Una mostra fatta di domande, visivamente e ceramicamente ricomposte. «Il solco è quello delle emozioni e dei ricordi: i fiori secchi sul tavolo, le voci che risuonano nel tempo, il mistero del giardino, il dolore della morte dei propri cari… la consapevolezza nel sapere che tutto è destinato a finire. Così si inizia a pensare che cosa continua a vivere nella nostra carne, nel vivere del quotidiano, nel sopravvivere dopo la sofferenza dell’abisso».

Così la curatrice Marisa Zattini presenta fino al 7 novembre alla galleria Il Vicolo la mostra Un giardino allo specchio di Mirco Denicolò.

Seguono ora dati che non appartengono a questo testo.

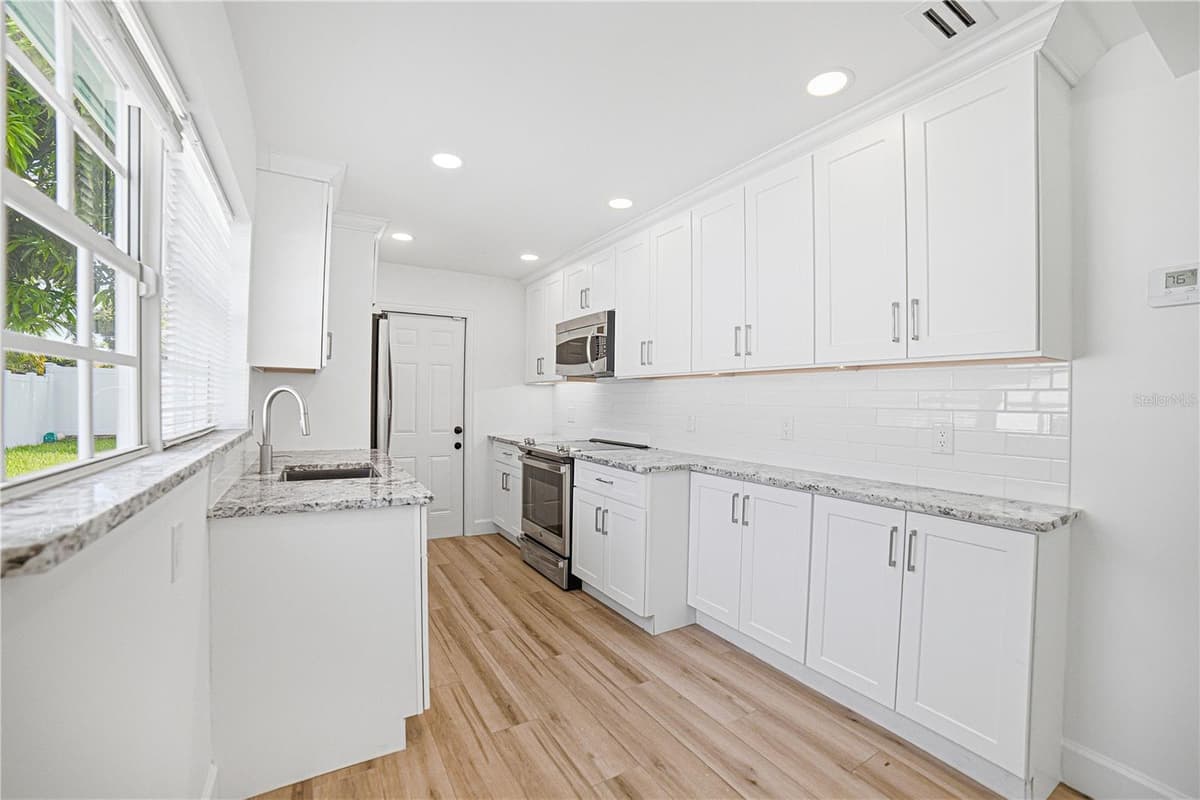 335 12TH AVENUE — photo 6 of 28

Esposti in contemporanea al Museo della ceramica Giuseppe Gianetti di Saronno, i lavori dell’artista cattolichino, che vive e lavora a Faenza, si raccontano attraverso l’uso dei suoi media di eccellenza: ceramica, video di animazione, disegni e testi. Una serie di opere in ceramica, a rappresentare fiori e giardini incisi su dischi convessi e oggetti troncoconici, accompagnati da due video, Album e Identity card, che mostrano un terreno palpitante di vasi, fiori e radici. Il progetto è completato da un quaderno-mostra, dal formato scolastico, con gli angoli smussati, contenente disegni dei giardini visti dal doppio punto di vista: sopra e sotto la terra.

Denicolò, come connette il racconto di questo giardino alle proprie memorie?

«La mostra si basa su un momento di dialogo tra me e mia madre nel suo giardino, con la capacità di recuperare, far riemergere un vissuto familiare. Con la ceramica, ho perciò voluto descrivere questo “ambiente giardino” come un teatro di vita, e sottolineare anche nei miei video come questa eredità di vita sia interamente in queste relazioni, e come questo abbia un grande valore poetico».

Come si passa dal “racconto ceramico” al video poetico?

«È un video di frames, in cui si leggono degli sguardi, come storie, frammenti di vita di un luogo, come leggendo una scansione del tempo. Ciò che è rimasto impresso per sempre nei solchi della mia sensibilità visiva e poetica, come se mi chiedesse le parole per parlare».

Perché lega il racconto «della nostalgia di un tempo dilatato» a quello del bianco che lascia attorno ai suoi fiori finti?

«L’importanza del bianco, come si apprende dai maestri giapponesi, è che si impara a disegnare partendo dal vuoto. Non è un’assenza, ma una dimensione costruttiva, che nasce attorno a elementi disegnati. I fiori finti devono far credere che quello è un fiore. Organizzare il vuoto attorno a ciò che fiorisce è il lavoro dell’arte».